Les minutes suivantes passèrent, dans un silence apaisé. Anakin avait arrêté de changer de position depuis un moment. Alana soupesait l'idée d'amorcer de nouveau la conversation, mais elle hésitait.
— Ani, tu dors ?
— A ton avis ? T'es toujours en train de parler quand t'es stressée, donc j'ai jamais le temps de m'endormir. Mais sinon oui, je dors, fit-il, patientant en laissant sa petite pique faire son effet avant de reprendre. Quel est le problème ?
— Je n'ai aucun problème...
— Bien, alors repose-toi.
Elle ne pût s'empêcher de reprendre la parole, après quelques secondes.
— C'est juste que... Toute cette attention qu'on va avoir, ça m'inquiète. Sur New Alderaan, les choses étaient différentes. Tout était paisible, nous n'étions jamais dérangés. Là...
Anakin se retourna pour lui faire face. Peu importait s'il appréciait particulièrement ces petits échanges de piques parfois puériles, il se montrait toujours présent pour elle. Tout d'abord parce que c'était dans sa nature, mais ce trait était plus particulièrement ancré en ce qui concernait son rapport à Alana, pour certaines raisons...
— Tu n'as pas à t'inquiéter, vraiment, le rassura le jeune homme, d'un ton qui avait abandonné toute espièglerie. On n'est pas censé être balancés en plein bain de foule dès notre arrivée. Ma mère a tout prévu. On va arriver tranquillement, loin de l'attention générale, et y aller petit à petit. Et ton père ne nous aurait pas envoyés s'il ne nous avait pas estimés à la hauteur, non ?
— Oui tu as raison.
Les paroles du jeune Jedi avaient l'avaient rassurée, comme souvent. Lorsque la jeune Alana doutait d'elle-même, Anakin parvenait toujours à trouver des mots simples, mais souvent justes. Il s'agissait davantage du ton et de l'intention qu'il insufflait à son discours qui la touchait, comme peu de choses se trouvaient en mesure de le faire.
— Je sais que notre mission est importante et que je saurai me montrer à la hauteur, reprit-elle ensuite. Mais c'est toute cette attention qui est perturbante.
— Moi aussi j'y pense, même si ça me dérange moins, avoua-t-il. Et puis, tu n'es pas toute seule. Quoi qu'il arrive, on y fera face à deux, alors...
— Oui, merci Ani, lui dit-elle d'une voix apaisée.

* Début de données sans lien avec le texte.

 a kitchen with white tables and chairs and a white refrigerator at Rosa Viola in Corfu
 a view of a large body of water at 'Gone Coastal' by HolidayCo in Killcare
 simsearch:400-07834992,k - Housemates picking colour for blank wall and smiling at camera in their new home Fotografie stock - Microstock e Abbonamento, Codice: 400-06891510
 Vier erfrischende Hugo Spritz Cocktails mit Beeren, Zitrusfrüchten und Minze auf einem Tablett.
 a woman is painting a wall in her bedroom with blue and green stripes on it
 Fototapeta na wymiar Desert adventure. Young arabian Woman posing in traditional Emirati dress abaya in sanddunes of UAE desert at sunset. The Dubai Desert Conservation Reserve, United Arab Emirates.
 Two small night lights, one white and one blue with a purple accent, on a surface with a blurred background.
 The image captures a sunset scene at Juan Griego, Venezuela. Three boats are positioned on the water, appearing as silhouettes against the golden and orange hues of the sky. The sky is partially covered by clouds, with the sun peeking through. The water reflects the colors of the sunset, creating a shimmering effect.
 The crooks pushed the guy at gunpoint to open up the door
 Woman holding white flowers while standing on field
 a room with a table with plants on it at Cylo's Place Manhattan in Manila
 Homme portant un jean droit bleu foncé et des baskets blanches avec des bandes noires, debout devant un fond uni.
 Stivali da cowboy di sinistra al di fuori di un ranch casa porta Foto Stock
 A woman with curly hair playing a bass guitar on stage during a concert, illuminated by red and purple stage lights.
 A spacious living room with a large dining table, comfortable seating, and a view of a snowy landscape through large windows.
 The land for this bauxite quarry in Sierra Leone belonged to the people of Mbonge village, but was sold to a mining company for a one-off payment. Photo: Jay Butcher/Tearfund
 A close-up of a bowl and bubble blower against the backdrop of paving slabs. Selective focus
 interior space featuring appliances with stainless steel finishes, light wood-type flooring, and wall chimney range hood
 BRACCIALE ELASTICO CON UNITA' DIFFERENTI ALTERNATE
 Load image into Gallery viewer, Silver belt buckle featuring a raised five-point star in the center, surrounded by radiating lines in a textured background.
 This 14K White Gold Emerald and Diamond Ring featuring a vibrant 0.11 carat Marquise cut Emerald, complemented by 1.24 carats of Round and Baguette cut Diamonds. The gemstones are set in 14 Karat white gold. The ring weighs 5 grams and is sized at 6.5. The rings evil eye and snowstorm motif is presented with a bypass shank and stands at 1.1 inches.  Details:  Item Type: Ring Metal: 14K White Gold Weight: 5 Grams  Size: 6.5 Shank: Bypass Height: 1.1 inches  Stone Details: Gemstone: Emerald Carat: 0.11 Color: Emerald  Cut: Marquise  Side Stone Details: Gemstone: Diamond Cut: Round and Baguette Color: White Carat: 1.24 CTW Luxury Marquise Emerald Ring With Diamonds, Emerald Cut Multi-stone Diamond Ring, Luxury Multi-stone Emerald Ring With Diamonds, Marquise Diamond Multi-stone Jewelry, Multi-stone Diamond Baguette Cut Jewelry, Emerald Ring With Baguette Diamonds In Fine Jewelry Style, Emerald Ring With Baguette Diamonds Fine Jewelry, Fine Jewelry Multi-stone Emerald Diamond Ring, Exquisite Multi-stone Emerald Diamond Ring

— Je peux retourner dormir ?
— Oui, c'est bon, s'amusa-t-elle. Je vais essayer de méditer, pour me recentrer un peu.
La jeune femme s'installa tant bien que mal en tailleur sur son siège. Les mains jointes, elle tenta de faire le vide, laissant la Force se déverser en elle.
La Force, cette sorte de fluide, créé par tout être vivant. Une énergie qui entoure, pénètre, et rassemble tous les êtres de la galaxie en un tout unique. Selon les préceptes de l'ancien Ordre Jedi, la Force semblait avoir une volonté propre, celle de la recherche d'équilibre. Une scission idéologique vit le jour à son sujet, des millénaires dans le passé, donnant naissance à deux écoles de pensée opposées. Les disciples du côté lumineux recherchaient l'harmonie, la symbiose et l'altruisme. Tandis que les adeptes du côté obscur tendaient vers le profit personnel, l'accroissement de leur puissance et leur ambition de domination. Chez les êtres sensibles à la Force, appelés Jedi lorsqu'ils servent le côté lumineux, de nombreuses capacités pouvaient se manifester. De l'acuité accrue des sens jusqu'à la manipulation mentale, en passant par divers pouvoirs télékinésiques.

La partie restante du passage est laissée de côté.